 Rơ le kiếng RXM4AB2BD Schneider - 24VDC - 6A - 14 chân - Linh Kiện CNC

==

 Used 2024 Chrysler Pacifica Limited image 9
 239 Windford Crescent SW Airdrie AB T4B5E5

**Problem details**. Find where the line with "Used 2024 Chrysler Pacifica Limited image 9" sits in the material above, then copy exactly from it through the line with "239 Windford Crescent SW Airdrie AB T4B5E5". Add no other line.

**Solved problem**.
 Used 2024 Chrysler Pacifica Limited image 9
 239 Windford Crescent SW Airdrie AB T4B5E5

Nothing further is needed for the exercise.